OTT: Running to stand still?
Recent mergers in the communication services sector, companies like Disney going over-the-top with direct-to-consumer offerings and leading providers in Europe and Asia placing huge bets on OTT services, are disrupting the industry. Nevertheless, despite all this action, it still feels as if we are in both a mature and growth phase of the OTT media market at one and the same time.
The current state of OTT
While service providers have been busy expanding into the OTT space, their frenemies at Netflix and Amazon have also been hard at work, making an aggressive global push. On a recent visit to Mumbai, I was surprised to see massive billboards all over town showcasing their latest releases like Jack Ryan and Sacred Games, a Netflix Bollywood original production.

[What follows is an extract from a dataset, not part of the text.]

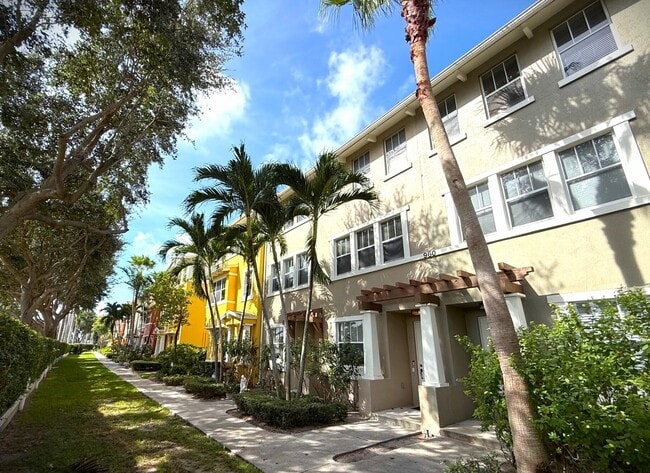 Photo - 960 Millbrae Ct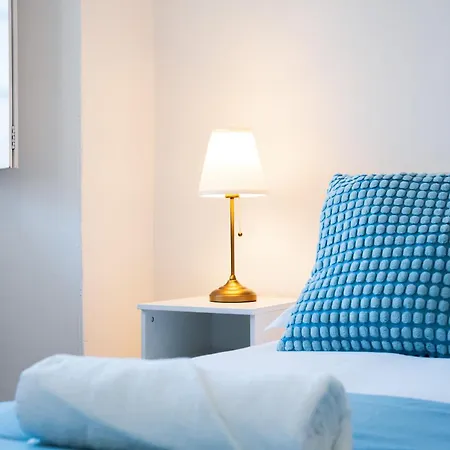 Wonderhost, Les De La Place Margot Hotel apartamentowy 3*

So what’s going on? Is OTT at a saturation point, or is there still a vast blue ocean of OTT ahead of us? Borrowing shamelessly from Clayton Christensen’s seminal Harvard Business Review article and framework, I think the answer depends on what you believe are the “jobs to be done.”
Are we focusing on the right areas?
If you believe the “job to be done” is to present a library of movies and music titles to consumers with reasonable customer experience, collect monthly recurring revenue and make sure that the platform runs flawlessly with super high availability, then I would say we are in an almost mature state. This is not what I believe.
We need to make content more accessible for viewers to explore, evaluate, consume and purchase. At this moment, recommendations in these areas are primarily based on metadata. With the help of AI, we can create educated, real-time recommendations, highlighting contextual offerings and titles to consumers relevant to their day-to-day life.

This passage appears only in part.